The 2016 arts fellows are:

  • Robyn Bollinger, a violinist and graduate of the New England Conservatory of Music, who blends multimedia and narrative with her performances.
  • Brandon Cedel, a bass-baritone, is in his third year of the Metropolitan Opera’s Lindemann Young Artist Development Program.
  • Jeremie Harris, recently cast in FX’s X-Men TV series “Legion,” graduated from the Juilliard School.
  • Miriam A. Hyman, who received her MFA at the Yale School of Drama, is also a Hip Hop MC under the name Robyn Hood.
  • Nico Olarte-Hayes, a cellist and conductor, who graduated with honors in 2012 from the Harvard/New England Conservatory Joint Program with an A.B. in physics and a Master of Music.

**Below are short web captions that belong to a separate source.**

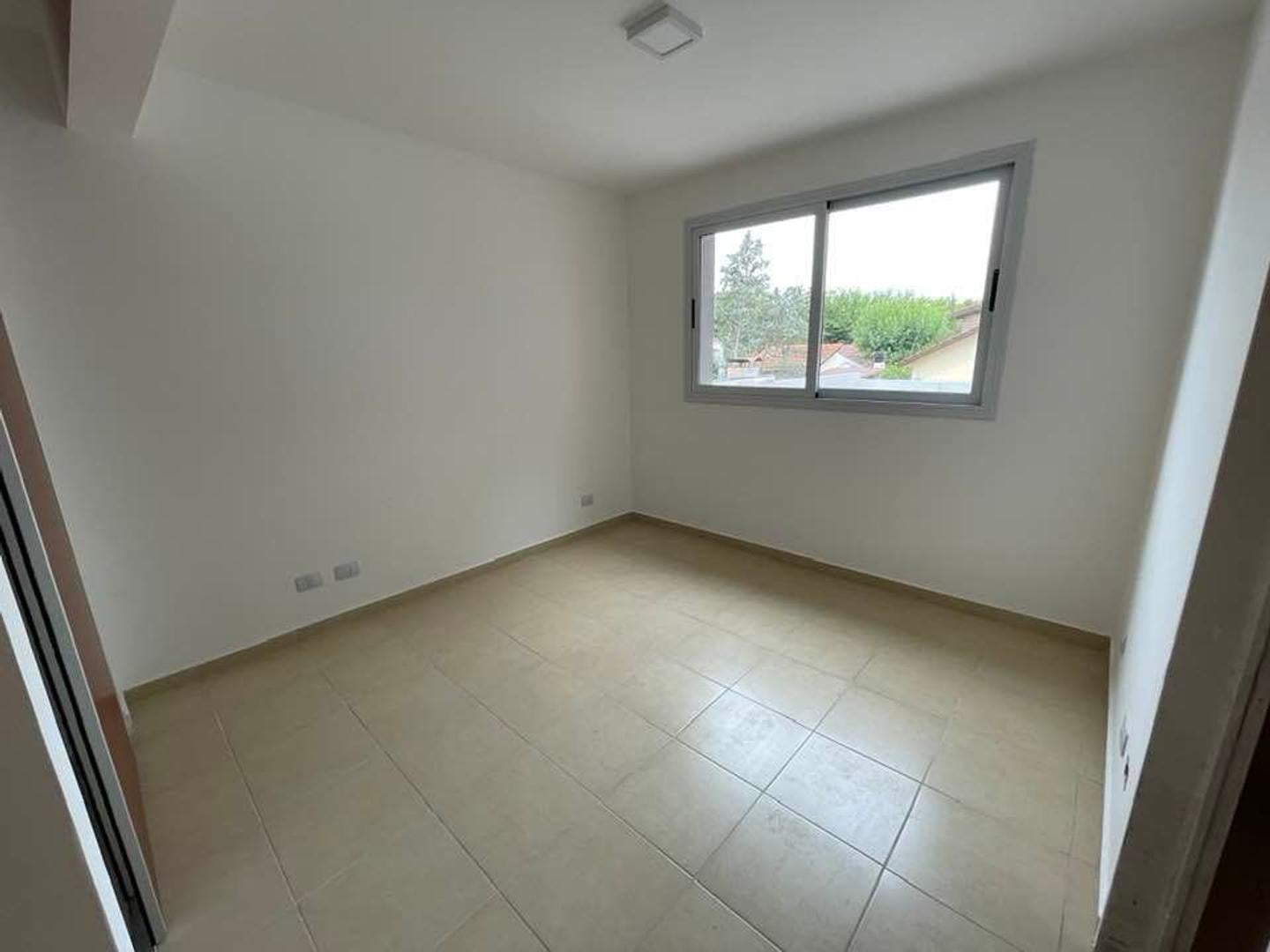 Foto de departamento dos ambientes en alquiler con cochera, imagen 4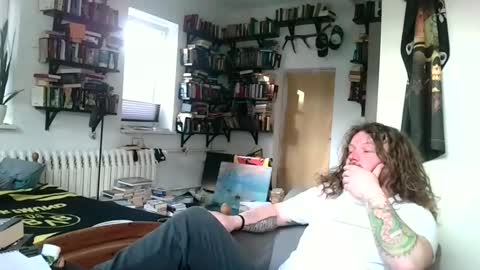 sunr1sa online show from March 2026 07:23:02 AM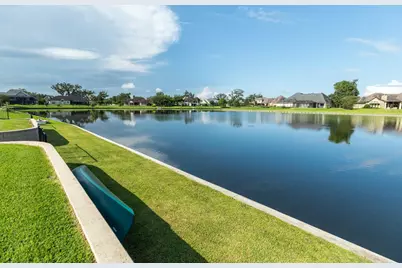 217 Arrowhead Drive, Lake Jackson, TX 77566 - Photo 32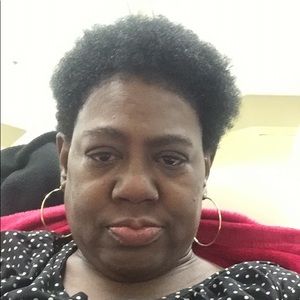 Meet your Posher, Phyllis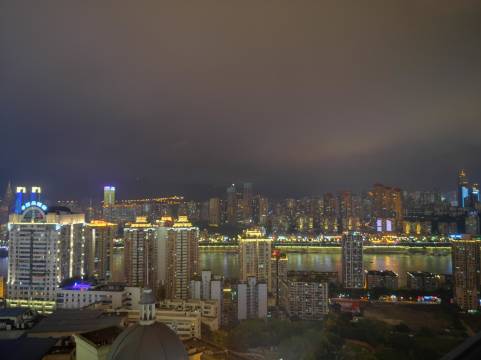 重庆森小溪公寓(2号店)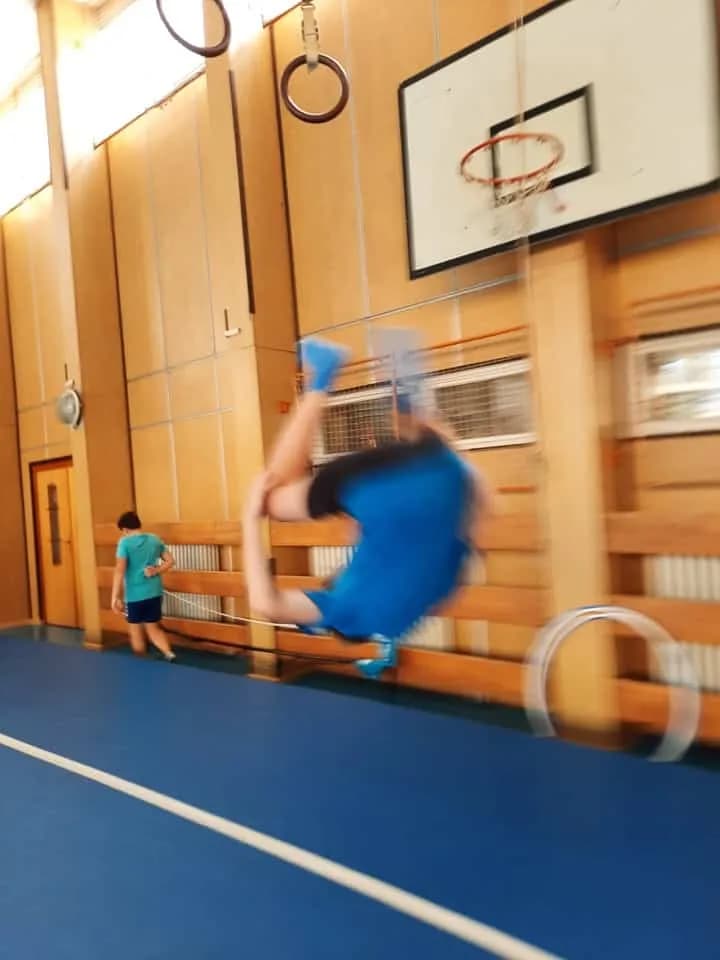 Fotografie z článku: Cvičení na airtracku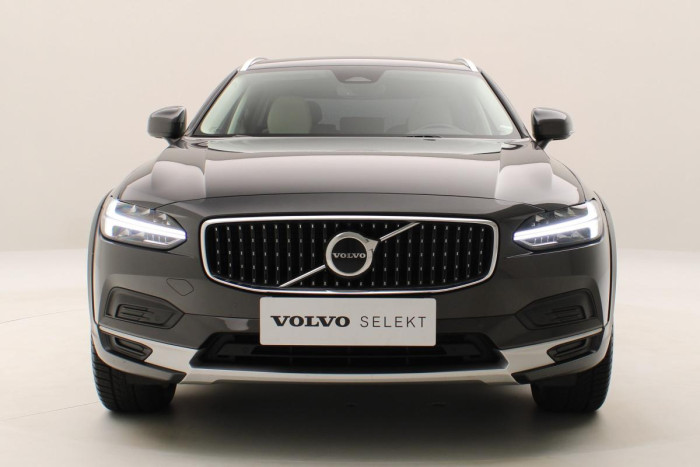 Volvo V90 CC B4 AWD PLUS CZ 1.maj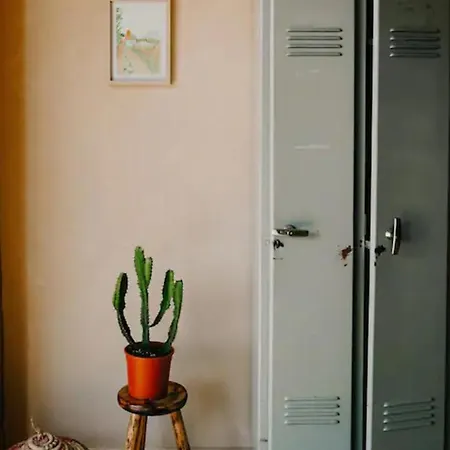 בית נופש 1 Bed Tiny House Sleeps 2 -hot Tub -coal Fireplace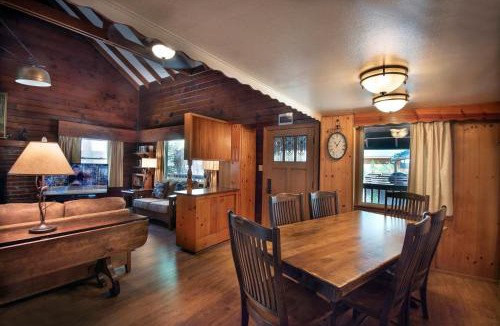 North Wawona Ski Chalet | 34 Grandmas Cabin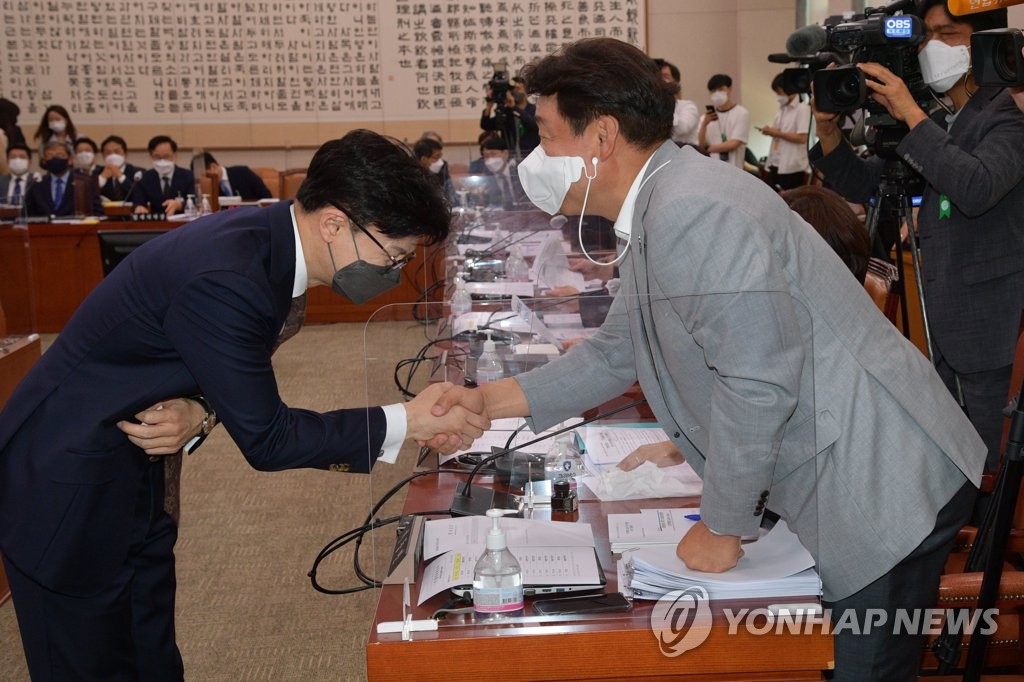 "검사시절 버릇" "구멍가게"…'법사위 첫출석' 한동훈에 野 난타(종합)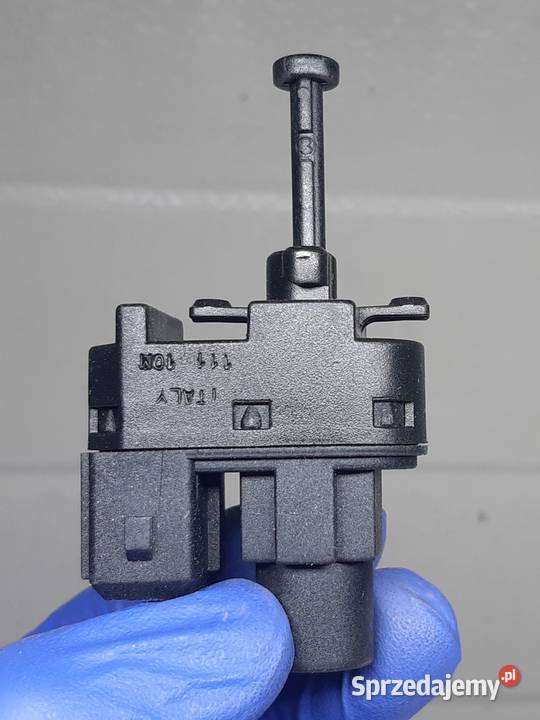 WŁĄCZNIK ŚWIATEŁ STOP FORD COUGAR MONDEO FOCUS osobowe Mielęcin sprzedam
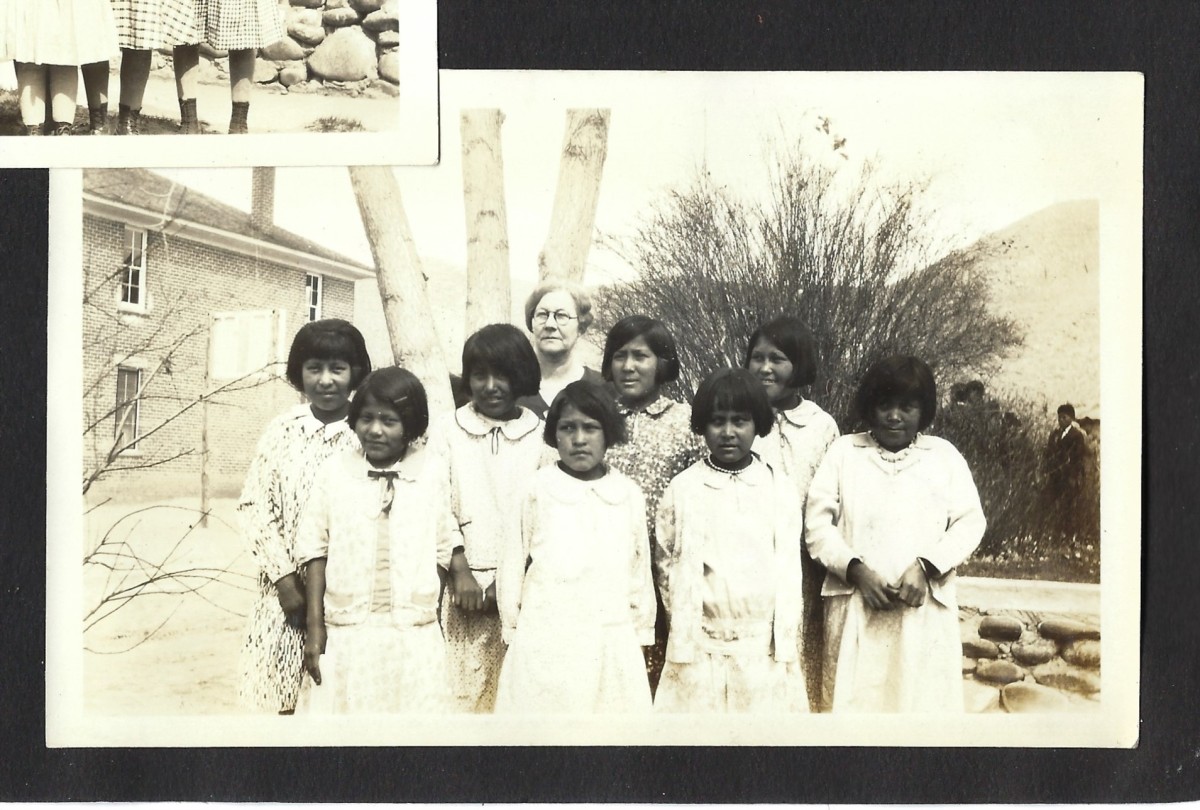 navajo-school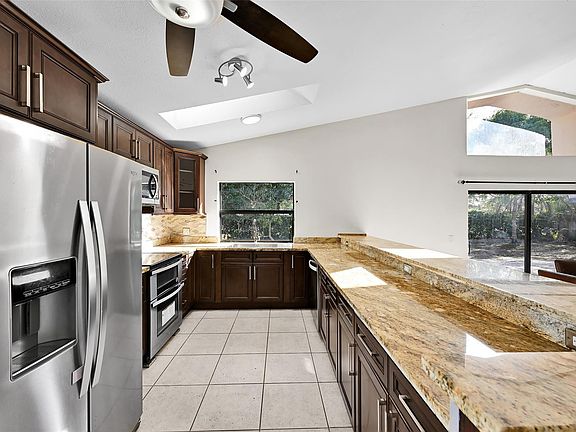 4th image of 11136 NW 1st Place
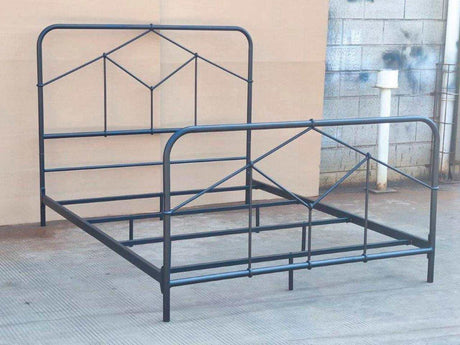 Nashburg Queen Metal Bed - Ornate Home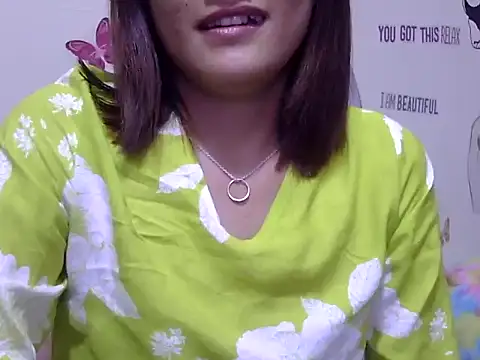 maira 33 online show from March 22, 11:46 am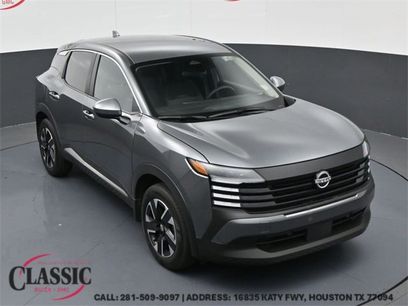 Used 2025 Nissan Kicks SV w/ Charging Package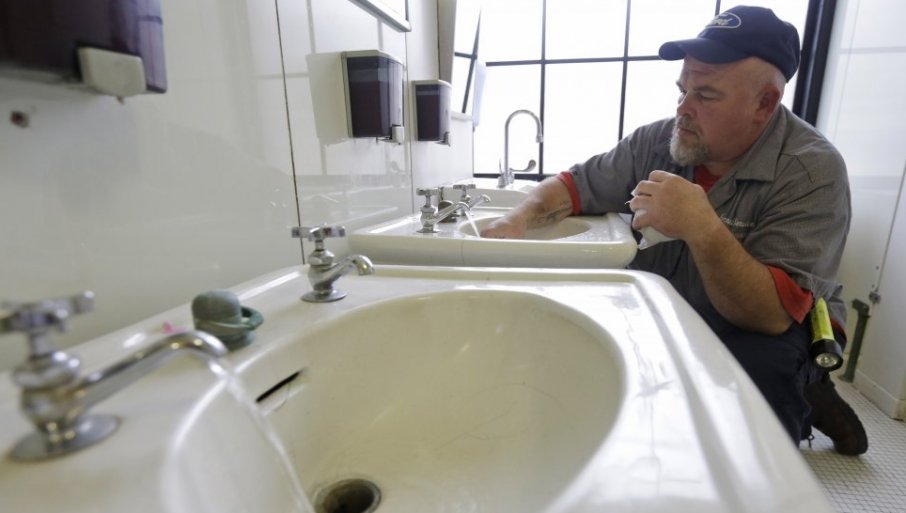 Ovo su poslovi koje u Srbiji retko ko bira, a plate idu i do 300.000 dinara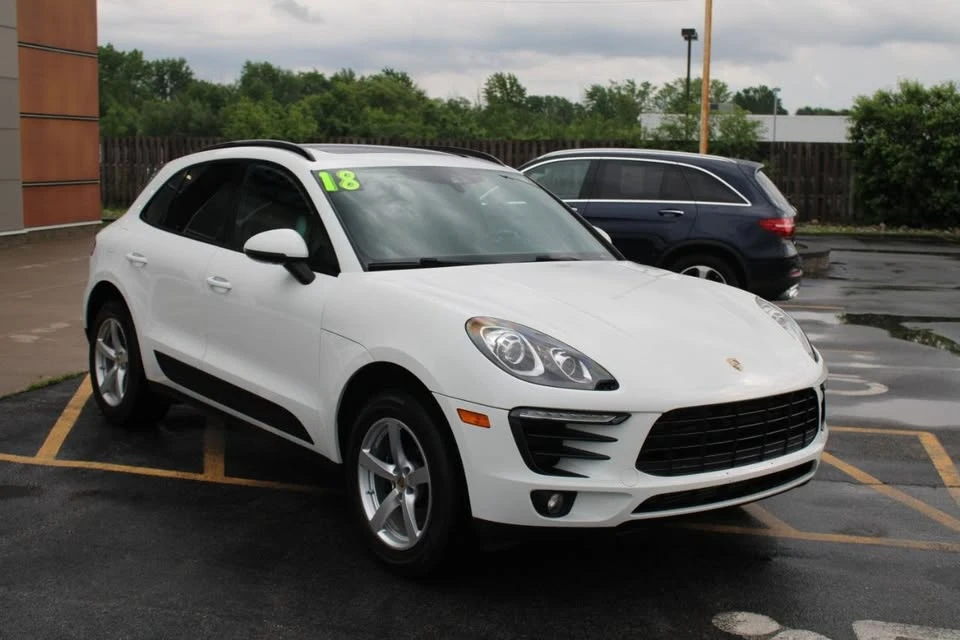2018 Porsche Macan - Image 7 of 20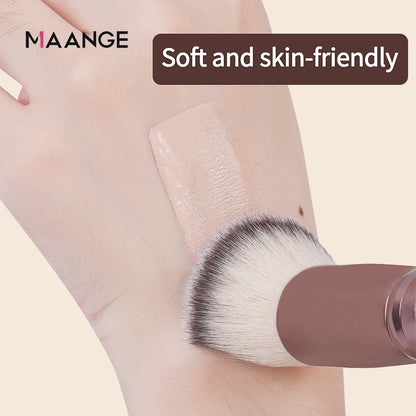 MAANGE Foundation Brush.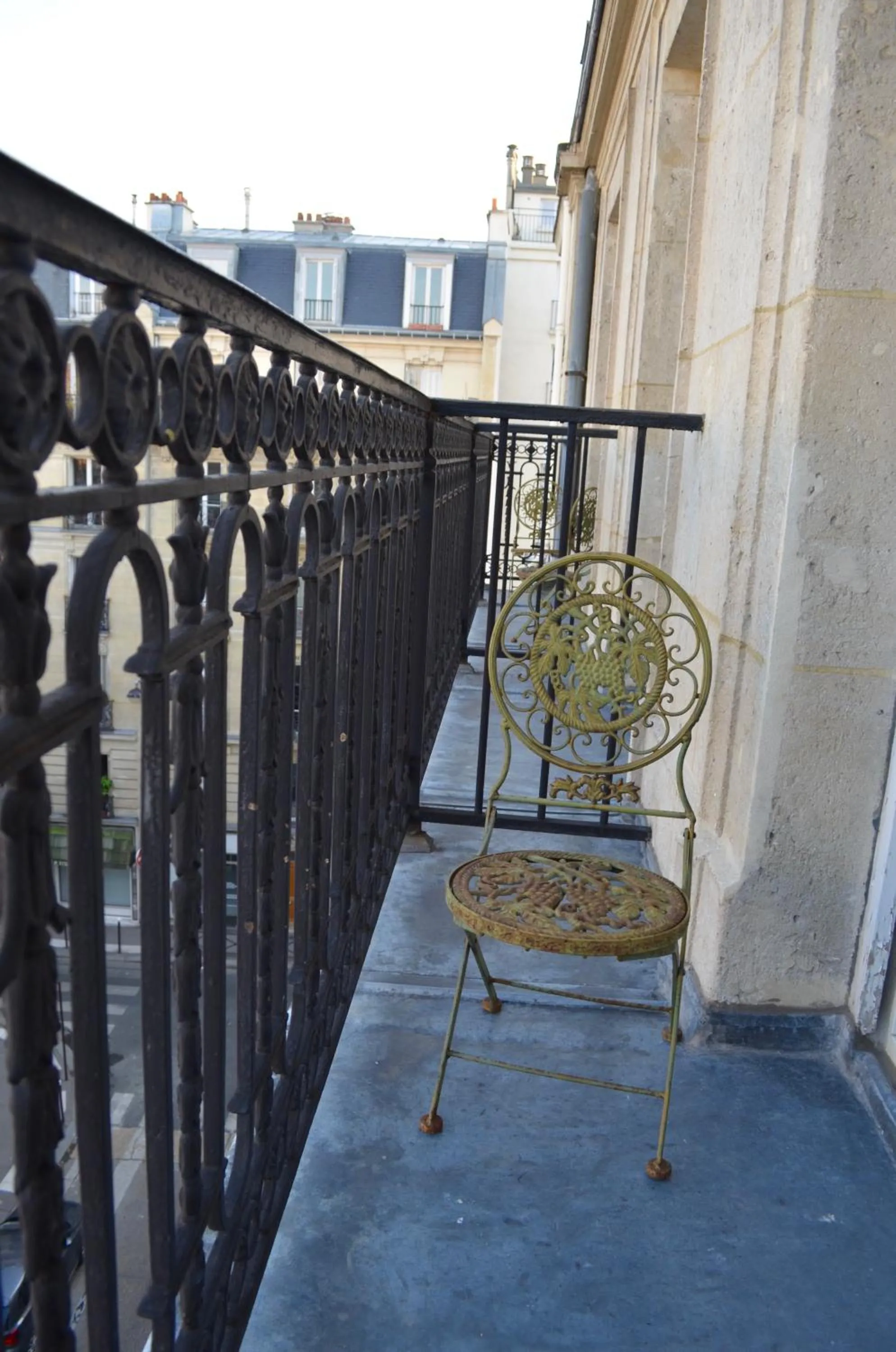 City view in L'Amiral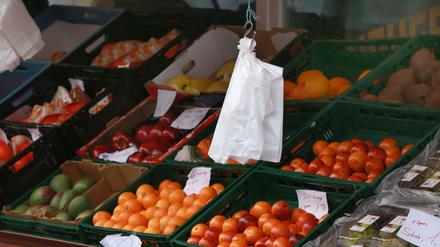 Ein Obst- und Gemüsestand, an dem noch Plastikbeutel für die Einkäufe genutzt werden.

  • David Pegram, an actor, who spent two years in Lincoln Center Theater’s production of “War Horse” after graduating from the Mason Gross School of the Arts at Rutgers University.
  • Nyugen Smith, a multimedia artist, aims to use his fellowship to pursue field research in the Caribbean to further his work on colonialism and post-colonialism.
  • Devon Teuscher, a soloist with the American Ballet Theater, plans to visit other companies around the world to learn from them.
  • Daniel Walden, a musician and musicologist working towards a Ph.D. in music theory at Harvard University, studies and performs both historical and new music.